This module introduces foundational techniques in data preprocessing and unsupervised learning using the Titanic dataset. Learners practice cleaning real-world data, preparing features for modeling, and applying K-Means clustering to uncover patterns.
Dataset: Kaggle Titanic Dataset
Objective:
- Preprocess and explore tabular data.
- Apply K-Means clustering.
- Interpret cluster characteristics and patterns.
Students load the Titanic dataset and perform standard cleaning steps:
- Inspect data structure and basic statistics
- Handle missing values (Age, Embarked, Fare)
- Drop high-cardinality or unused columns (Name, Ticket, Cabin)
- Encode categorical variables (Sex, Embarked)

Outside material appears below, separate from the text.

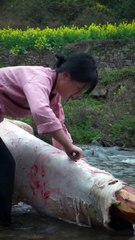 Drumming Traditions: Crafting The Cultural Legacy of Cowhide Drums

- Normalize numerical features (Age, Fare) using MinMaxScaler
This prepares the dataset for clustering by ensuring all features are numeric, scaled, and free of missing values.
Learners:
- Select relevant features
- Apply K-Means with 3 clusters
- Visualize clusters (Age vs. Fare)
- Compute mean feature values per cluster to understand typical passenger profiles
- Explore feature distributions using box plots segmented by cluster
These steps introduce how unsupervised learning groups similar passengers based on socioeconomic indicators, demographics, and travel details.
Students analyze:
- How clusters differ in class, age, fare, family size, and encoded attributes
- Whether clusters align with survival patterns
- How additional features or alternative techniques (e.g., hierarchical clustering, PCA) might improve insights
Example themes include socioeconomic patterns, demographic groupings, and relationships between cluster membership and survival outcomes.
- Python 3.x
- pandas
- matplotlib
- seaborn
- scikit-learn
Column descriptions and dataset details:
https://www.kaggle.com/competitions/titanic/data